Ensuite, Mirella se chargea de parler pour tout le monde, en nous racontant tout ce qui s’était passé et, en même temps, en nous transmettant fidèlement ce que Pierangelo aurait voulu, j’en suis sûr et certain, dire lui même. Mirella fit le récit du calvaire que son mari était en train de subir, mais aussi des extraordinaires activités artistiques qu’il avait su accomplir, avec la complicité de sa fille Sara, qui d’ailleurs avait admirablement joué dans ses dernières pièces tout en l’aidant aussi dans un autre projet plus important, lancé vers le futur… Il ne renonçait pas à transmettre, jusqu’au dernier souffle, son savoir courageux.

2015 a été une année épouvantable pour tous.
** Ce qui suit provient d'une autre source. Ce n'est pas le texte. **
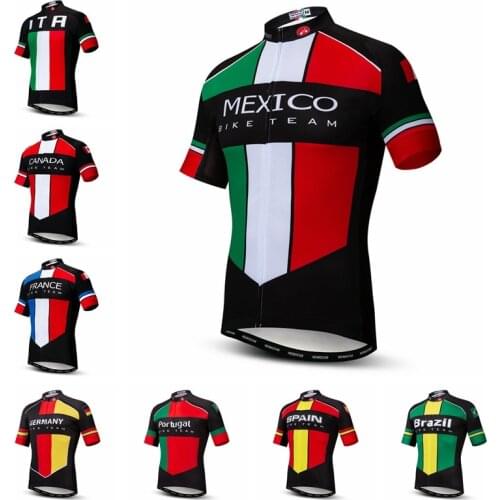 Weimostar 2021 Pro Team Cycling Jersey Men Racing Sport MTB Bike Jersey Short Sleeve Bicycle Shirt Country Spain Brazil Mexico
Mais elle a été particulièrement cruelle avec Pierangelo Summa, que la maladie rendait de plus en plus faible en raison des difficultés croissantes de boire et de manger.
J’ai eu d’ailleurs l’impression qu’il ait été « laissé mourir » par les institutions hospitalières. Jusqu’au dernier instant, ce pauvre corps si difficile à diriger et à maîtriser aurait voulu vivre en paix, tandis que son âme sensible n’aurait désiré que les soins normaux qu’on adopte pour combattre la fièvre, la faim et la soif.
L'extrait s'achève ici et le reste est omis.